→ PROBLEM TO WORK ON:
Beginning with the line in which "Lenovo 100 Stereo" appears, transcribe each line word for word until the records end. Do not include pictures.

→ DATASET EXTRACT:
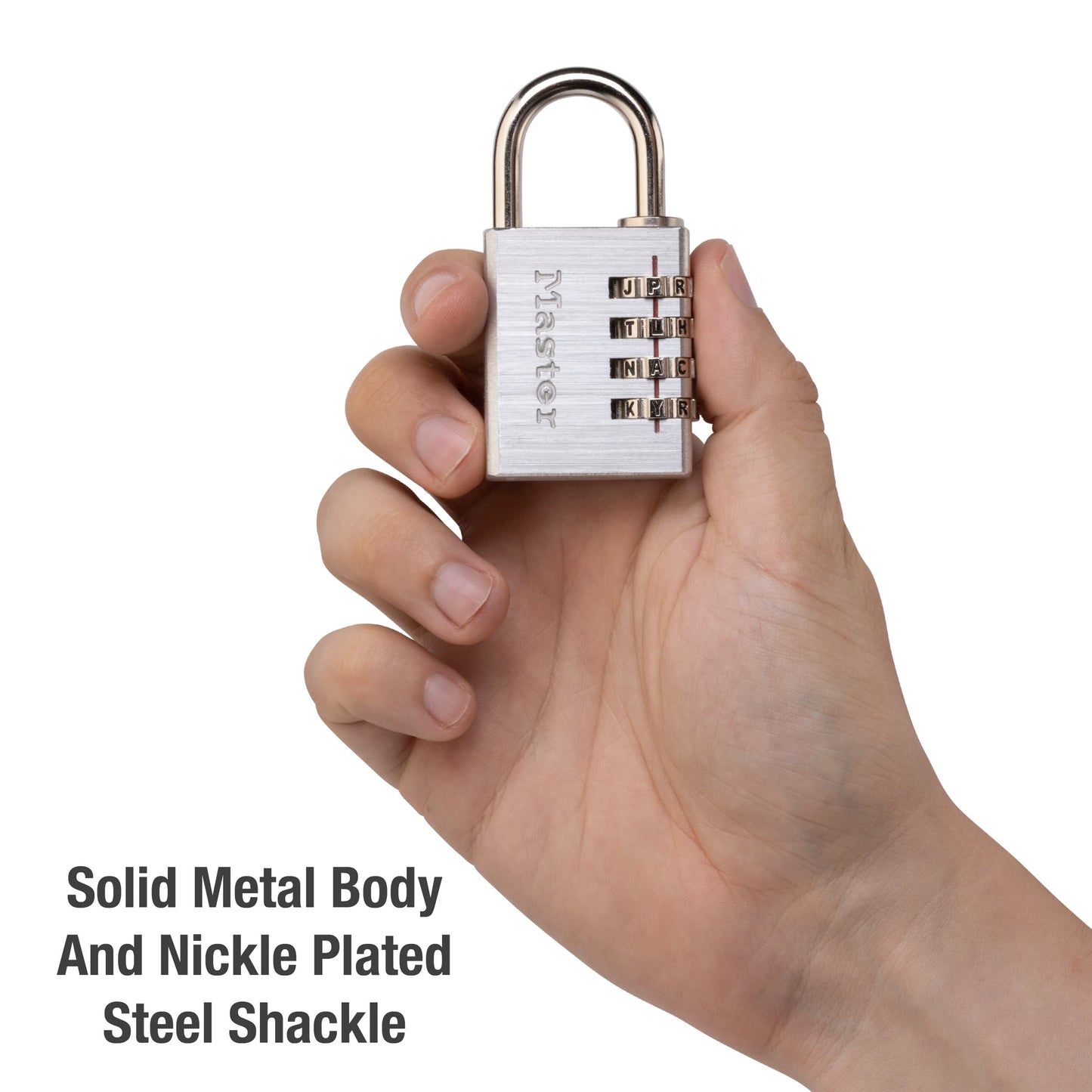 Candado Combinación Master Lock Aluminio Personalizable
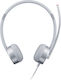 Lenovo 100 Stereo On Ear Multimedia Headphone with Microphone 3.5mm Jack White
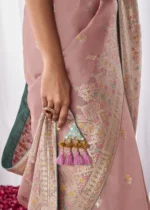 Baby Pink Kora Silk Saree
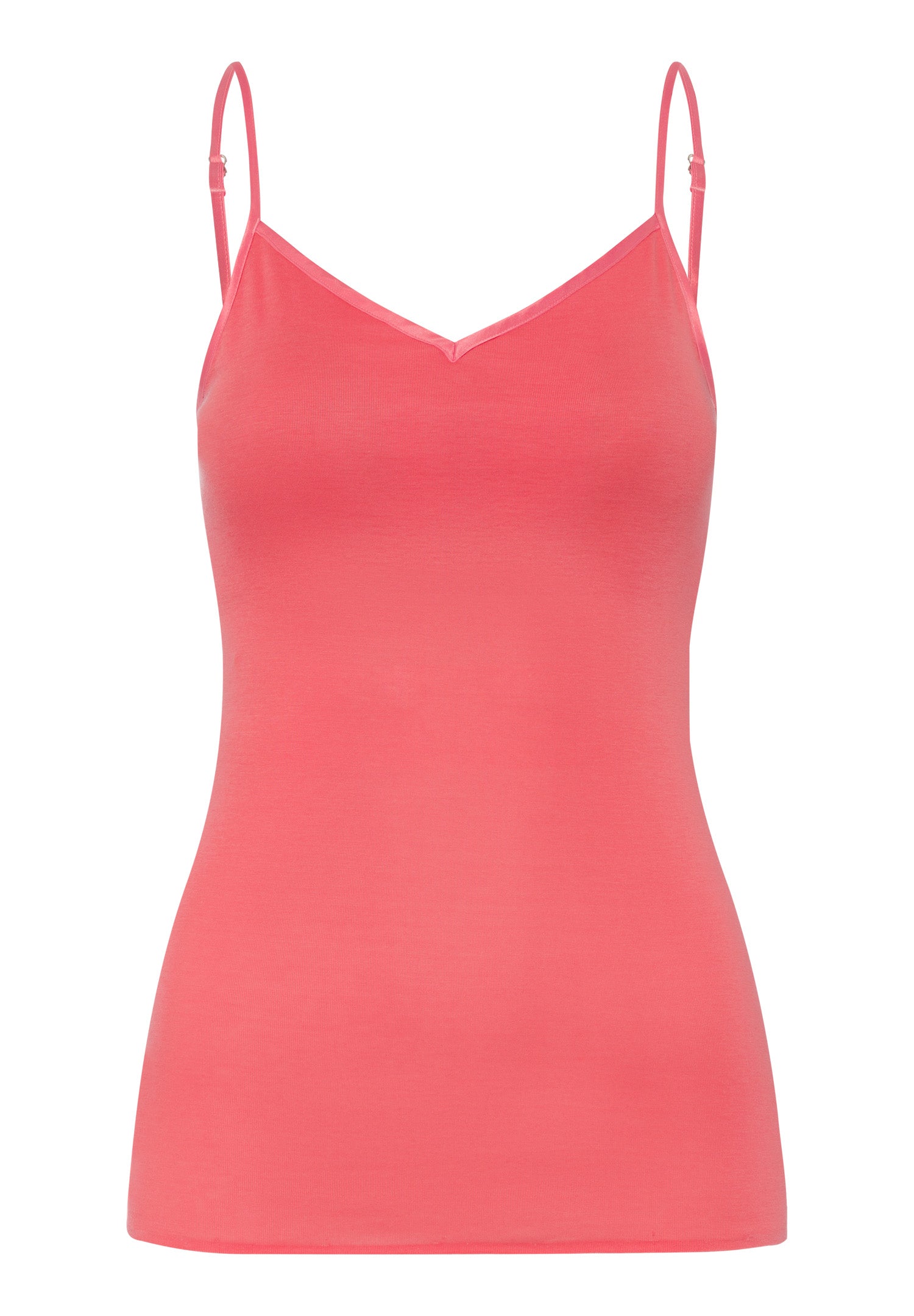 71605 Cotton Seamless Spaghetti Cami Padded - 2309 Porcelain Rose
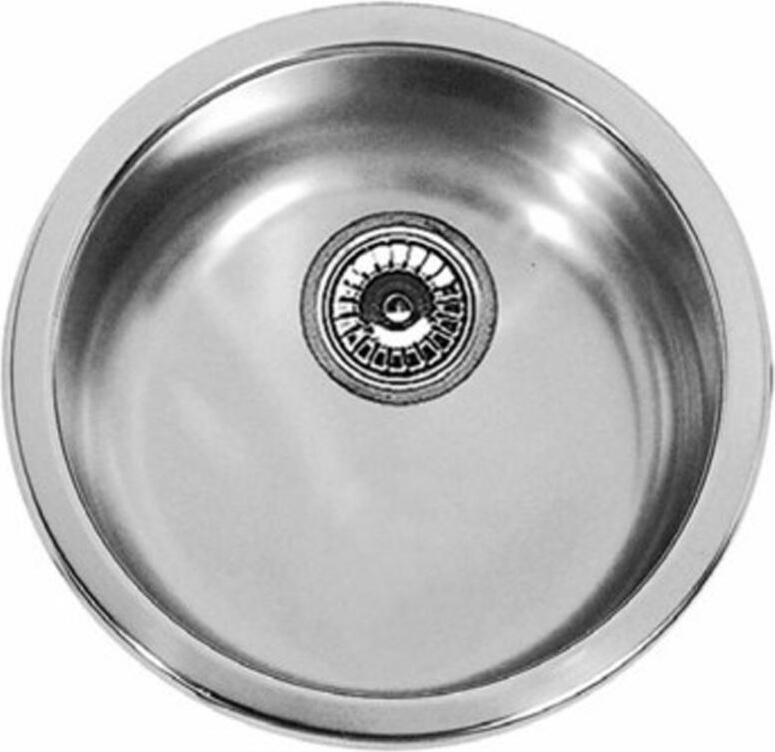 Elleci Sky Round 435 Aufsatzwanne Kreis Edelstahl LIKROUSAC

→ RESPONSE AREA:
 Lenovo 100 Stereo On Ear Multimedia Headphone with Microphone 3.5mm Jack White
 Baby Pink Kora Silk Saree
 71605 Cotton Seamless Spaghetti Cami Padded - 2309 Porcelain Rose
 Elleci Sky Round 435 Aufsatzwanne Kreis Edelstahl LIKROUSAC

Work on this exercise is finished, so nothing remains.